Theodore Roosevelt National Park- Part 2

Posted from Corum, MT  (Click on Pics to Enlarge)

To see additional pics not included in this blog: 
                Petrified Forest Hike
                Buck Hill Hike

Let me begin by saying that there are many more things to see and do in Theodore Roosevelt NP, but maybe just writing these two blogs will make you want to come and visit.

One very interesting hike we took was to the Petrified Forest.  The only way to get to the trailhead for this hike is to initally leave TRNP and take a graveled road of approximately 7 miles to the west of the park. The road is easily navigated by any vehicle, even our Honda Fit, but always check with the NP folks for road conditions first.

The complete hike is 10.3 miles, but the trail splits a few miles out and visitors can choose to go either left or right.  After doing some research we chose the trail to the left because it allows you to see a greater number of petrified specimens and the distance back to the trailhead is only a bit over 3 miles. The trail climbs for the first 1/2 mile or so.

It was a beautiful day when we made the hike and the initial climb rewarded us with a great view.

The next portion of the trail leads thru a flat prairie land covered with beautiful yellow flowers everywhere.

After stopping to eat lunch along the trail, we made it to an area with a large number of petrified specimens.  This NP contains the third largest collection of petrified trees in the US (according to their literature).

Some trees stumps and logs are easier to identify than others as the soil beneath many have eroded away and only stumps laying sideways are visible.

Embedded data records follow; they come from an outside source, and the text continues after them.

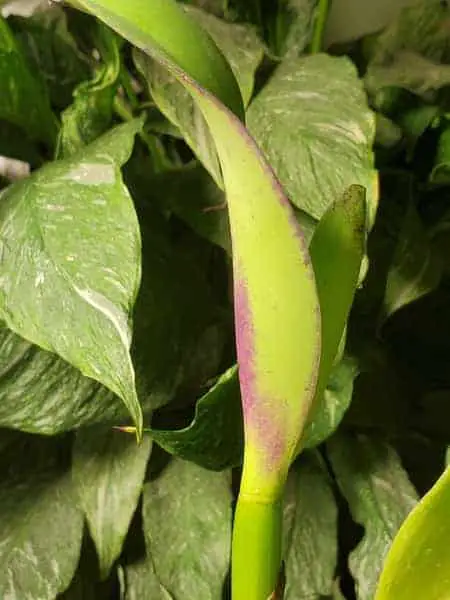 13 señales infalibles que indican que tu orquídea está sana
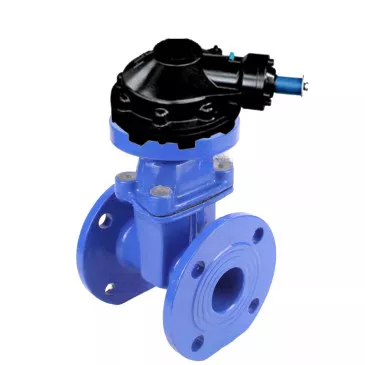 Wedge valves Elephant GVWN1414E-2W-F flanged wedge valves, wedge - rubber coated, spindle - non-rising, body - cast iron, seal - EPDM, with ISO flange with gearbox RMN1-360Z-T2,35-ISO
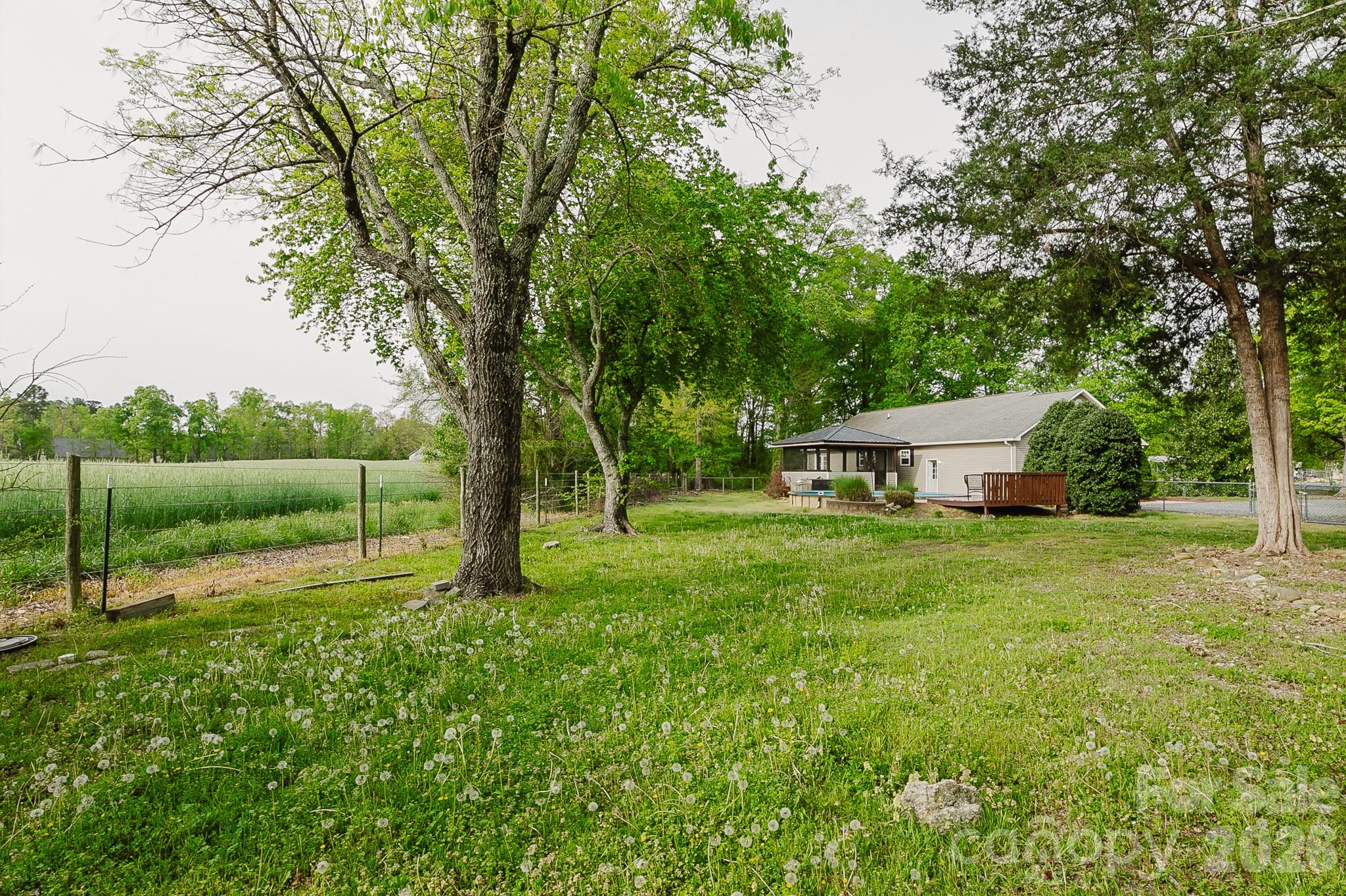 2104 Badin Road Albemarle, NC 28001 - Photo 35 of 46 a view of a house with backyard and a tree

Notice the minerals which have displaced the wood many years ago to petrify this piece.

Many more pictures of this area are contained in the picture link at the top of this blog.  It was time to hike out, but you always need to be on the lookout for wild animals as this is their land out here. When it comes to bison, there are two sure signs to watch for.  The first is a "bison wallow" where they roll in the grass to create a cleared dirt area.

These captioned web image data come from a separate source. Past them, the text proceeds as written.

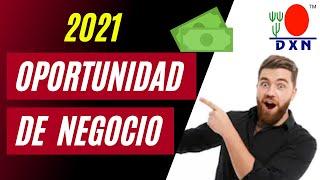  Como HACER el NEGOCIO DXN y Comenzar a GANAR DINERO (Oportunidad de NEGOCIO) 2023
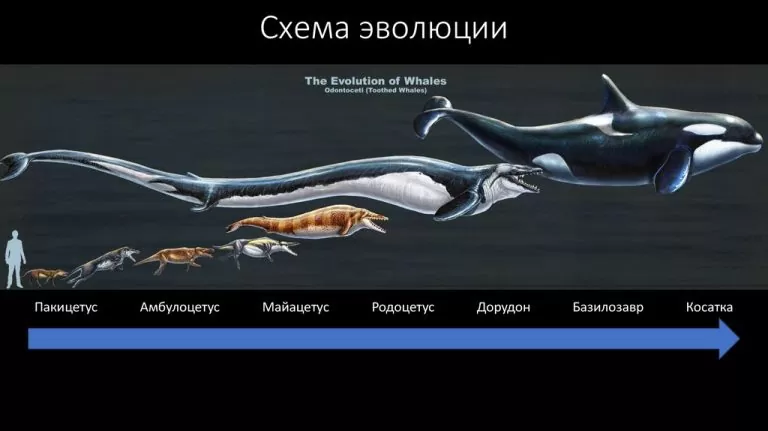 Эволюция китов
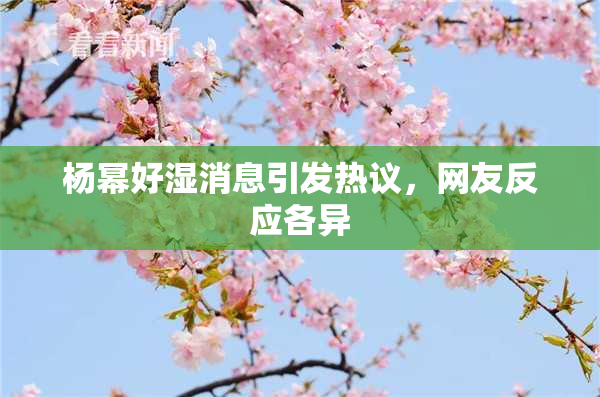 杨幂好湿消息引发热议，网友反应各异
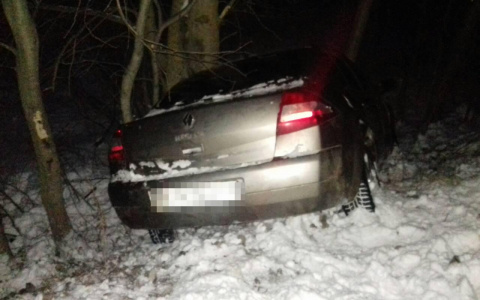 В Мордовии водитель без прав съехал в кювет и врезался в дерево (фото)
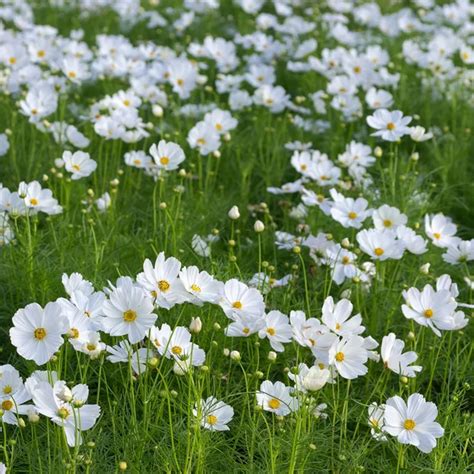 Beautiful white cosmos flower — Stock Photo © nirutdps #38940407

The second is pretty obvious. (This bison "remains" is older, however.)

Sometimes, you might get lucky and spot one of these great animals, although we saw none on the Petrified Forest Hike.

Another interesting area is again outside of the TRNP "proper".  It's called the Painted Canyon Visitor's Center.  This is actual a "rest area" off of Interstate 94 located at Exit #32 (5 miles east of the exit for Medora).

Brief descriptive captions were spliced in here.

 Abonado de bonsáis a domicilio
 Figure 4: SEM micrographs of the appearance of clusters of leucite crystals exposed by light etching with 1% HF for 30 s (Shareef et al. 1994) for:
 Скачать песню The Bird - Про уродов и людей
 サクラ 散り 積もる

There is a NPS limited visitor's center, a regular parking lot, some picnic areas for travelers, an overlook into the painted canyon, and a trailhead for a hike down into the canyon.

A bit of a strange rest area as tractor trailers and cars share the area with folks starting out on hikes and others horseback riding.

We were here for the hike.  The Painted Canyon Trail is .9 miles in length and takes about 45-60 minutes to complete (depending on stops for pictures).

Sure, it's easy going down into the canyon, but you still have to climb back out again.

It really is a beautiful park and the panoramas of more beauty is everywhere.

We finally arrived at our last day in the Medora area to explore as we were leaving on Monday, so we decided to take one more drive around the 36-mile scenic drive inside the park.  Took it in reverse this time to see things that we hadn't previously.

A very short hike up Buck Hill takes you to the highest point in the park. It's only .2 miles so this one was a necessity for us. Quite a view from up here!

I wish that we had planned to spend more days in this area.  Who would have known there was so much to see and do in Medora and in TRNP.

I didn't include these attractions in our last few blogs, but a trip to the old Billings County Courthouse (now a museum) was very informative and they present a live narrative between characters of the era which was enjoyable.  I also didn't blog about the Chateau de Mores.  This is a very nicely done exhibit which contains the house belonging to the Marquis de Mores (founder of Madora), a museum, an live narratives as well. Both of these attractions are administered by the North Dakota State Historic Society.

If you would at least like to see some of the pictures for the Chateau de Mores and the Interpretive Center Museum click here.
For more pictures on the inside of the Billings County Courthouse Museum click here.

If you've managed to stay with me this far in the blog, thanks for taking a look!


  1. I'd like to know just who inventories all the petrified wood to determine which NP has the largest amount. Sounds like a great government job to have! :c)

    1. Paul that sounds like a job for you. I know that the petrified tree stumps would be easier to find than some of the markers you guys had to dig for.

  2. The park looks like it has a lot to offer and I enjoyed your shots of it.

  3. I think it all was pretty, but it looked kind of lonely.